I think I got slightly drunk reading this interview

One of my biggest regrets is that I completely whiffed on the chance to meet James Crumley a couple of years ago when he was at Bouchercon in Vegas, and that bad luck will probably extend to future conventions. But the Tacoma News Tribune’s Ed Marietta makes good on an invite extended by the legendary crime writer almost ten years ago and talks about — well, what it’s like to be James Crumley:

When I finally caught up with James Crumley, we ate medium-rare

rib-eyes at a hotel restaurant on the Clark Fork River just outside of

downtown Missoula, the 66-year-old author nursing vodka tonics against

the mountain-scorching July sun.

Hard living appeared to have caught up with the big man as well. Though

Crumley said he recovered from whatever nearly killed him, arthritis

and gout slowed him. His tumbleweed drawl was low and strained. When

Crumley laughed, which was often and easily, it was soft and hollow.

The craggily handsome roughneck of earlier years now resembled walrusy

actor Wilford Brimley.

The invitation to this interview was extended in 1996, when I met

Crumley as he promoted “Bordersnakes” in San Francisco. Look me up if

you’re in Missoula, Crumley said. A friend reported the same invitation

as Crumley promoted “The Right Madness.”

“I have a listed phone number,” Crumley said, explaining how visitors find him.

Most of those fans are French.

“They like my politics,” Crumley said. “I’m a Trotskyite.”

Not surprisingly, peers and students are quick to heap praise upon the man:

“Crumley has achieved a level of mastery that’s not just about

whodunit,” said Alicia Gaspar de Alba, author of “Desert Blood,” a

novel for which Crumley, her former professor, wrote a cover blurb.

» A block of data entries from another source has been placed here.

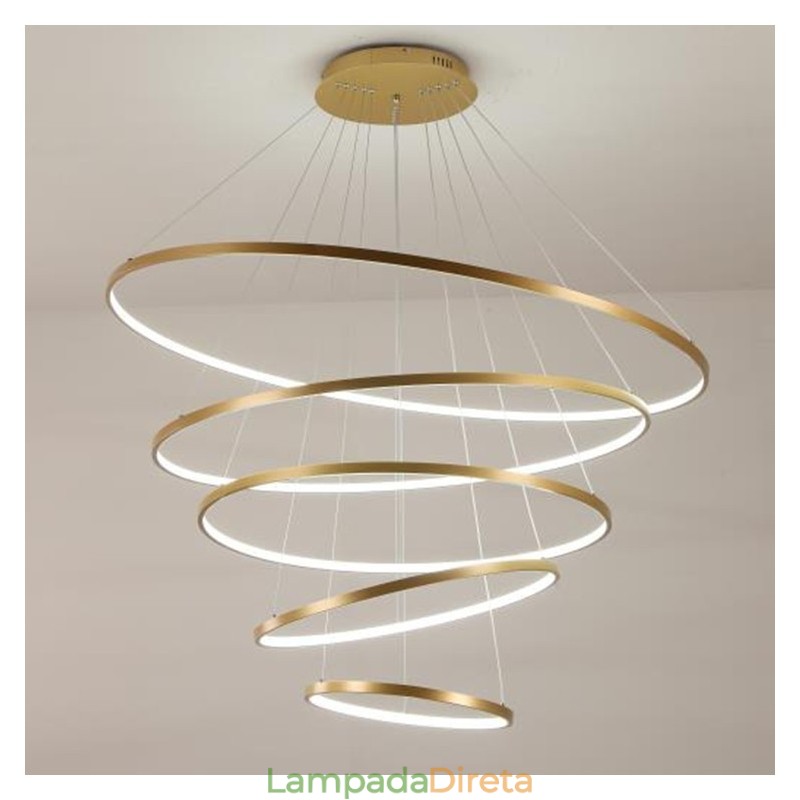 Grande 4 Anéis 5 Anéis Preto Branco Ouro Pingente Luz Design Moderno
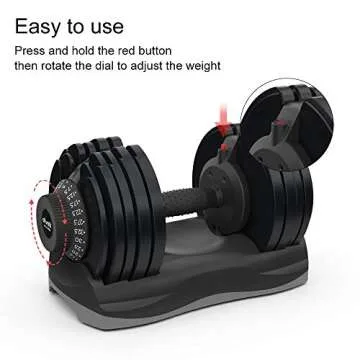 Ativafit Adjustable Dumbbell Set 88/110/132 Lbs Free Weights Dumbbell Multiweight Options Suitable for Men Women Full Body Workout Fitness Home Gym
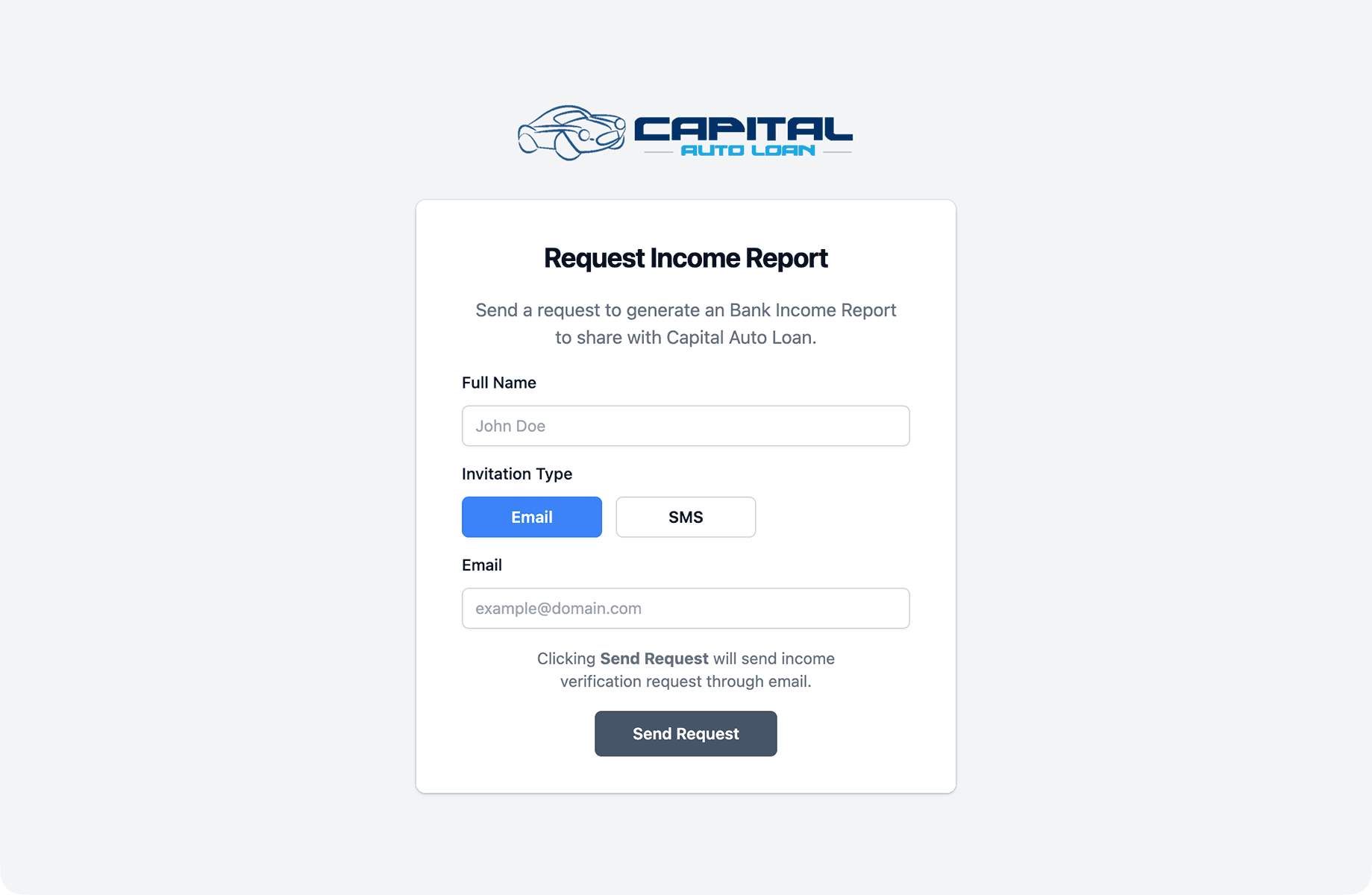 Request income report form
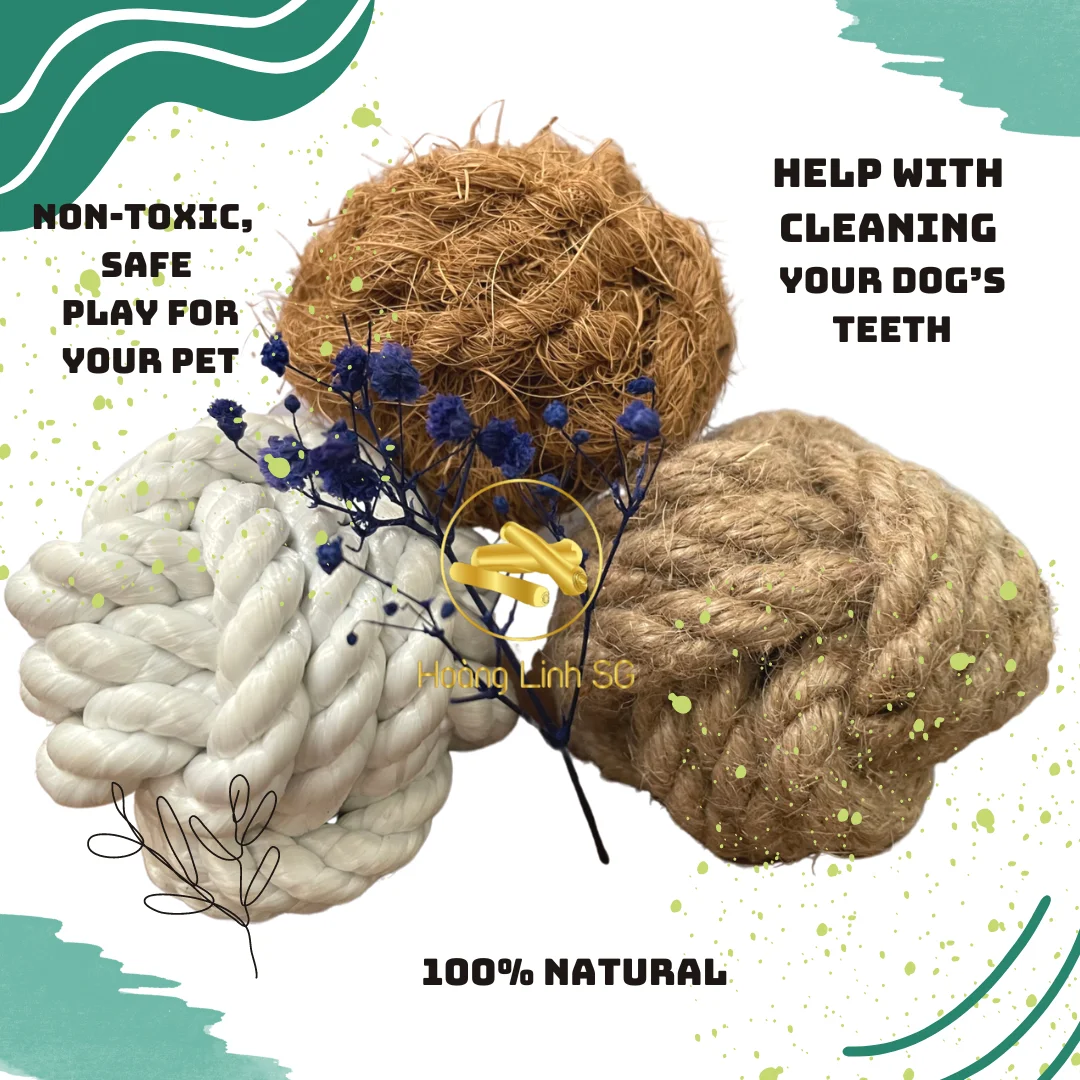 Sustainable Natural Organic Tough Hemp Rope Hemp Ball Dog Toy Chew Set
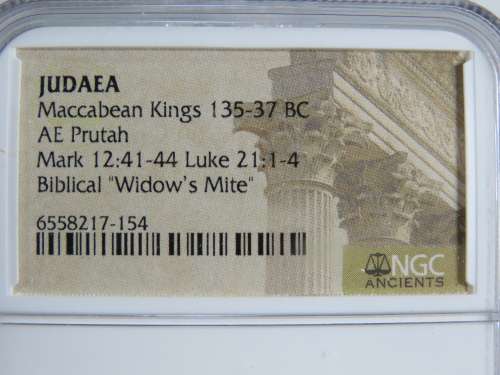 Ancient Judaea Widow`s Mite Coin, 135 to 37 BC NGC, Maccabean Kings Coins Of The Bible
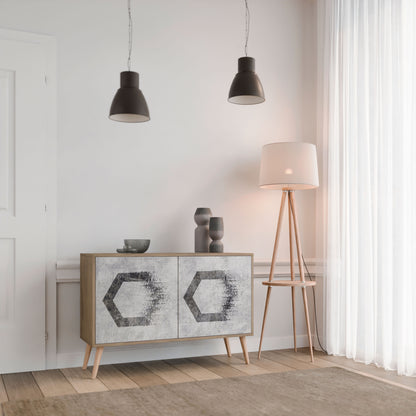 Credenza a 2 ante HEXAGONAL FIGURES in effetto rovere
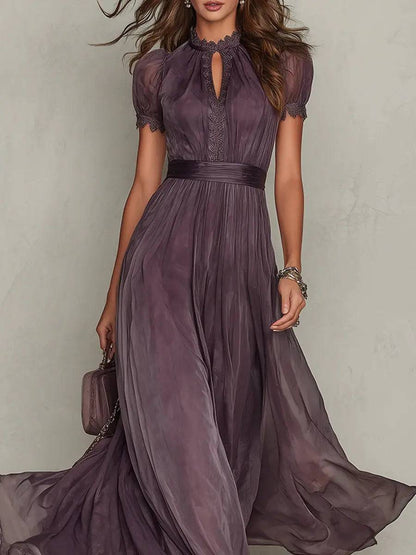 Vestido Largo Morado Cuello Abierto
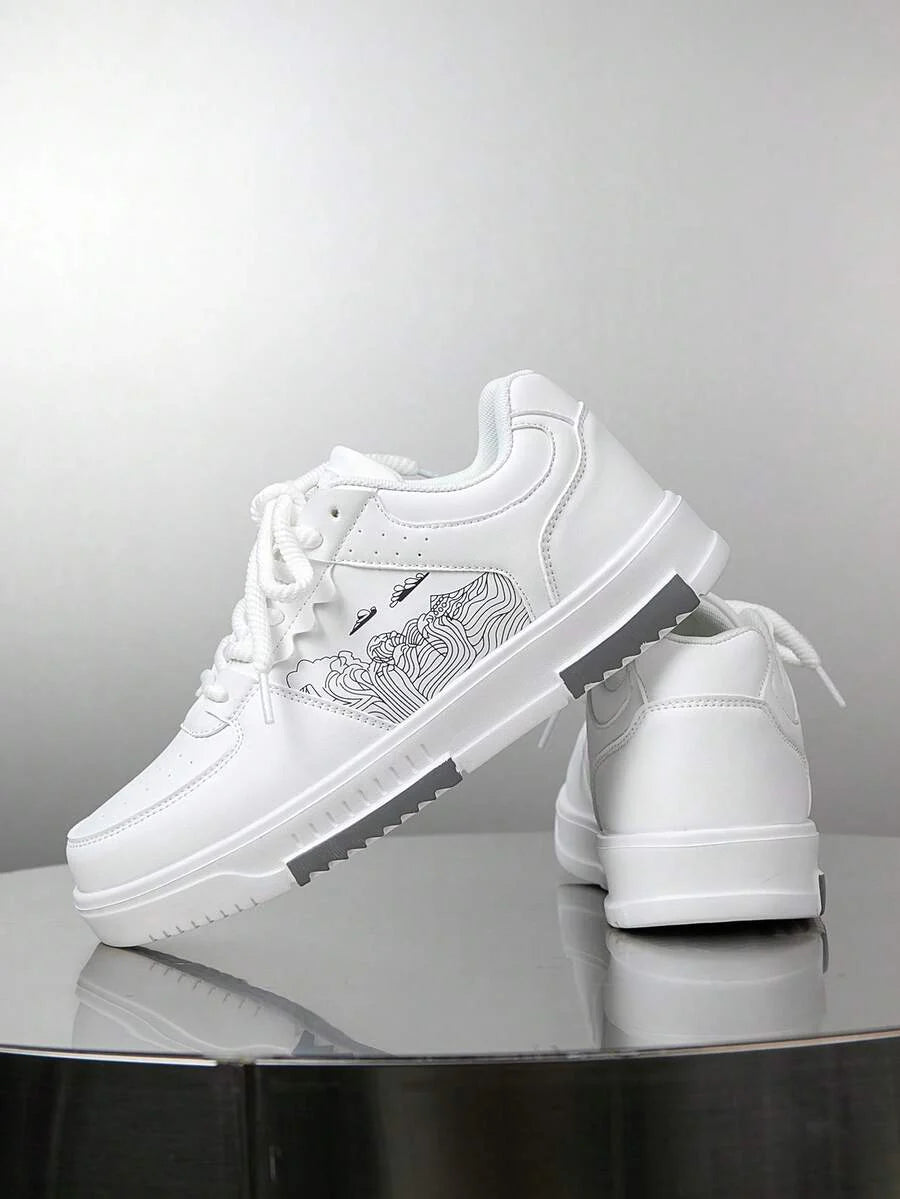 Heren Sneakers Beige Comfortabel Sportief Alledaags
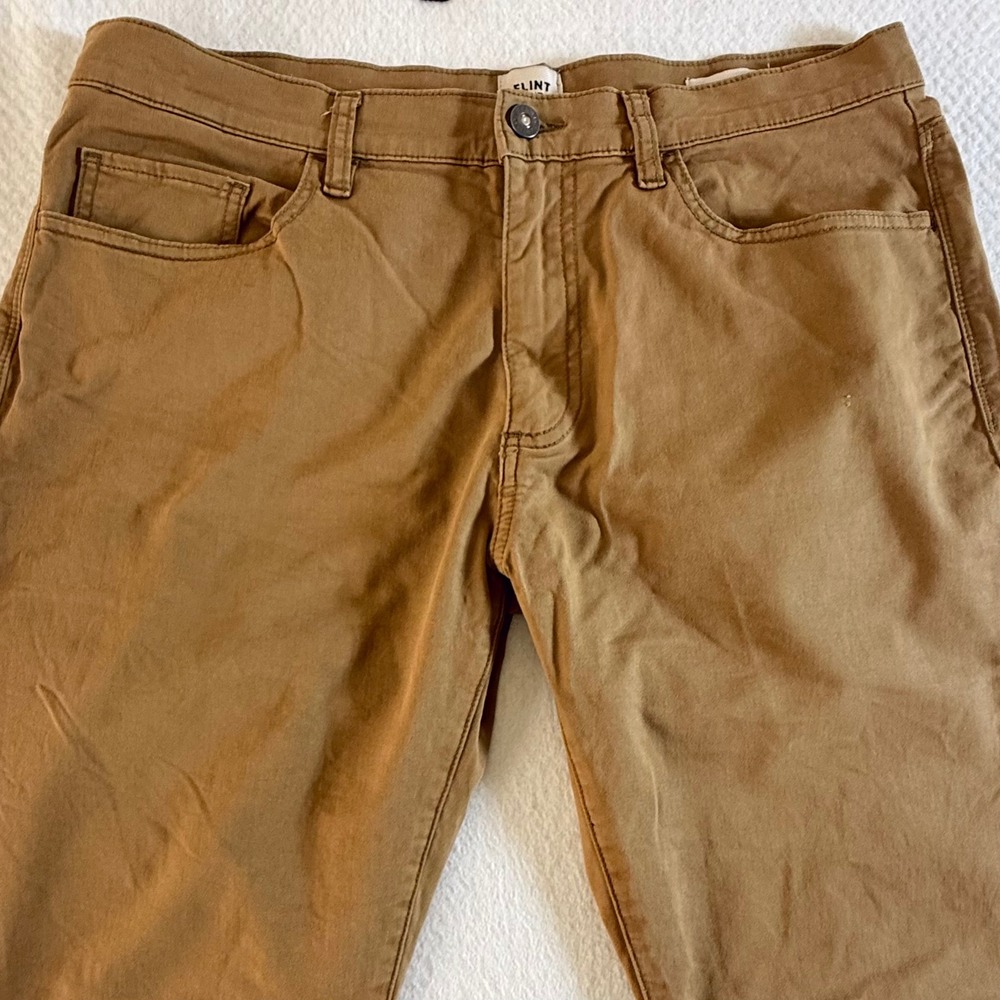 Flint and Tinder 365 Pant Mens 34x32 Slim Fit Stretch Chino Brown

“His protagonists, if you were to look at them outside of a book

structure, you would say, ‘What a loser. Why doesn’t he get a life?’ It

is through working their problems and using their problems and how

their problems take them places where those of us who don’t have those

problems never go, that’s the reason Crumley achieves that mastery.

It’s not just the detective form. It’s what he does with characters.”

While Crumley’s work is marketed among genre fiction, “When it’s good, it transcends that,” said Dexter.

Dexter, the National Book Award winner who lives on Whidbey Island,

said, “If I see a new Crumley book, I’ll get on a ferry and spend an

afternoon going to get it. He’s just a lot of fun.”

Since THE RIGHT MADNESS was out this year, it’ll probably be a good long while till the next one.